A reminder to take ourselves to account first before we look towards others.
Taken from  http://www.igotitcovered.org/

I’m standing inside the train, trying to stay steady as the vehicle swerves swiftly across the tracks.  From the periphery, I notice the glances and stares from the mostly Caucasian passengers.  No matter how many times I’ve been through this, I guess I’m still not used to it.
They’re just curious, I think to myself. They’re not judging me. They’re not judging me for what I’m wearing, for how I look to them. They don’t even know me.
And yet, we do this all the time –to each other.
Woah, do you see what she’s wearing?  Those tight jeans show her shape, astaghfirullah and she thinks she’s practicing hijab.
She’s always hanging out with guys, no matter when I see her.  Laughing, flirting, you name it, with the hijab on. You have to stay away from her—she’s a really bad influence.
Um like, doesn’t she know you can’t pray Salaat with nail polish and see-through tights on? Hello?
So I ask: what’s the difference between an observer judging us for being hijabis and a Muslim sister judging another Muslim sister?  If we can’t tolerate non-Muslims judging our religion for being extremist, violent, and all the other derogatory terms we’re fed up with, how come we can tolerate judging our own Muslim sisters?
I remember this one instance years ago when I saw a hijabi talking and laughing with a boy.  I couldn’t help but think ill thoughts of her.  Later I came to know that the boy was actually her brother, though they did not look alike at all.  I narrate this experience to show that we are so quick to judge others, to point out the faults in others without realizing that not only are we committing a very serious sin but more often than not, we may be drawing incorrect conclusions to begin with.

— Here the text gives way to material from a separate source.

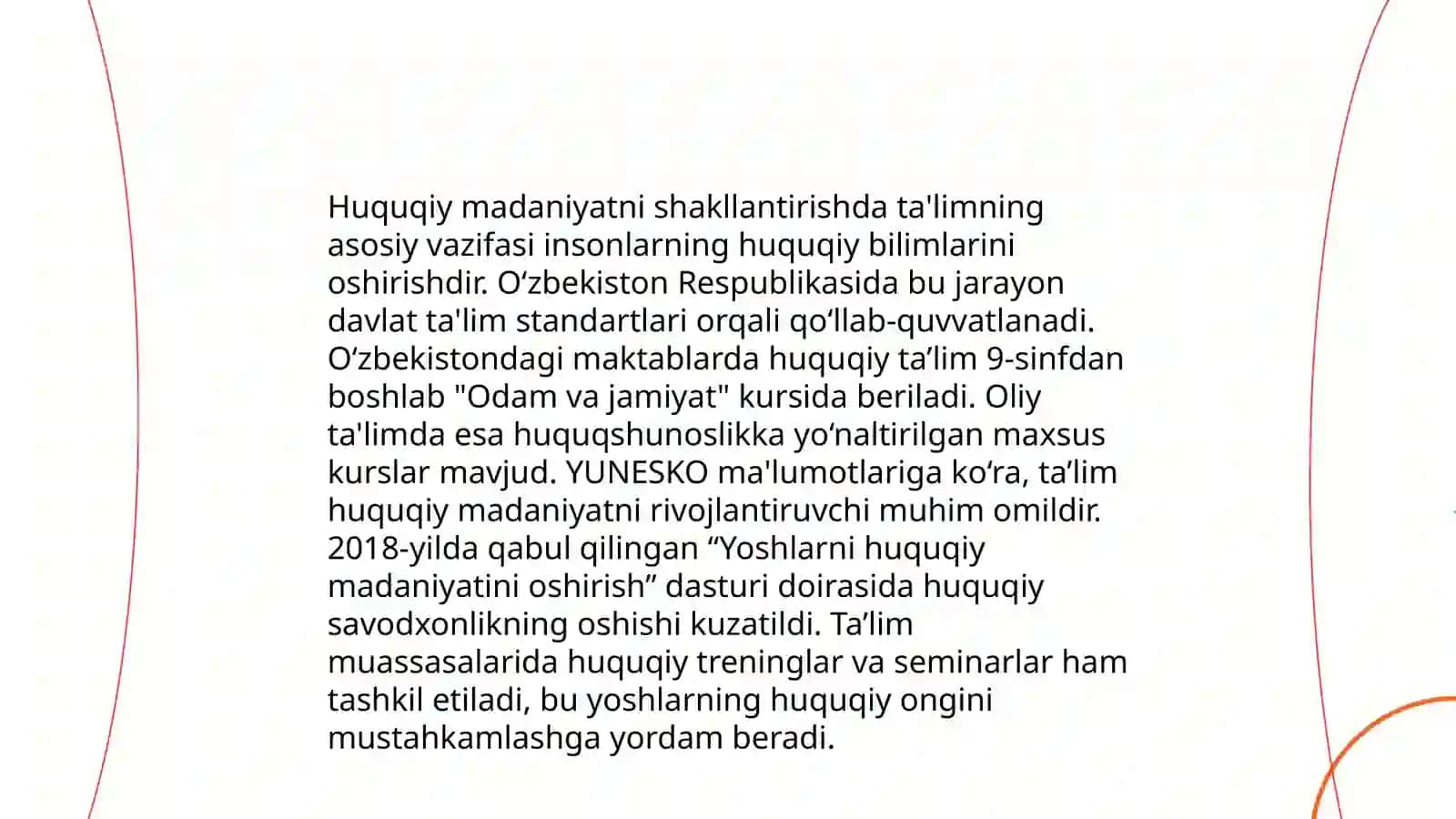 Huquqiy Madaniyat va Huquqiy Tarbiyaning O‘rni 4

Just like it upsets us when others perceive us as “being forced to wear the hijab” or associated with “terrorists and extremists,” it should disturb us to judge our own fellow Muslims for being “too liberal” or “not following the Sunnah” or “the girl who talks to guys” and whatever else our minds are quick to conjure up.

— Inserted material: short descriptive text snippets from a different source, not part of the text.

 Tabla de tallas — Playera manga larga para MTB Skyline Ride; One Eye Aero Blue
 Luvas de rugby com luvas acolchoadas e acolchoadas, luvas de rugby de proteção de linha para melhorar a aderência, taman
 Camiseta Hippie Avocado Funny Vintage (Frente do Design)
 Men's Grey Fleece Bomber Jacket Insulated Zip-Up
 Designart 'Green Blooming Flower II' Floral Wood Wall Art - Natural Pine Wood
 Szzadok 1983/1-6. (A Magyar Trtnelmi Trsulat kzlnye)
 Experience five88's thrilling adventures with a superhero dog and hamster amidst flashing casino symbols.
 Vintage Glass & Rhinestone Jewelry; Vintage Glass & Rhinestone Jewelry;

We should remember that Allah alone is the judge, the Ultimate Judge, because we do not even know an ounce of what a person’s heart contains.  You may look at a sister and think—I am better than her, I pray five times a day, I fast, I don’t talk to guys, I listen to my parents, etc.—while she does the exact opposite.  But does that really make her inferior to you, a weaker Muslim?  How can you be so sure?  All I ask is, who are we to judge when we know so little?
Maybe she repented, cried to Allah for forgiveness the night before and today she has a clean slate.  For all we know, a pile of her small, but abundant amount of good deeds, may have tipped the scale in her favor.
Our Prophet Muhammad (peace be upon him) narrated that “should you become eager to mention another’s faults, recall your own” (Ar-Rafi’i).
So when you perceive others, this hadith should serve as a reminder to reflect upon yourself and to see how you can improve as a Muslim.   Each and every one of us has weaknesses and imperfections so it would be more productive if we would focus on ourselves first.
Well, you might ask, shouldn’t I help my fellow sister out if she’s in trouble?  Well, of course, but you should seek to do so in the best way possible.  Thinking in the aforementioned way and gossiping about these conclusions isn’t going to help anybody.  Make du’a for the sister and sincerely pray to Allah to guide her.  You can take the initiative, approach the sister, and politely inform her of what she is doing incorrectly.  Maybe she will realize her mistake and thank you.  Maybe she might be hurt or angry and tell you not to interfere in her matters.  Either way, it’s up to her now and you have done what you could.  But never think she is any less than you, because again, it is between her and Allah and that relationship is sacred and unbeknownst to anyone else
I remind myself before anyone else.  We’re humans—seeking faults in others comforts us in a way, helps us feel good about ourselves because we think, thank God I’m not like that.  But Islam is what bonds all of us together so we should not be happy when a sister is struggling.  We should pray and remember that all of us are inherently weak but together can strive to become better Muslims, and thus a stronger Ummah.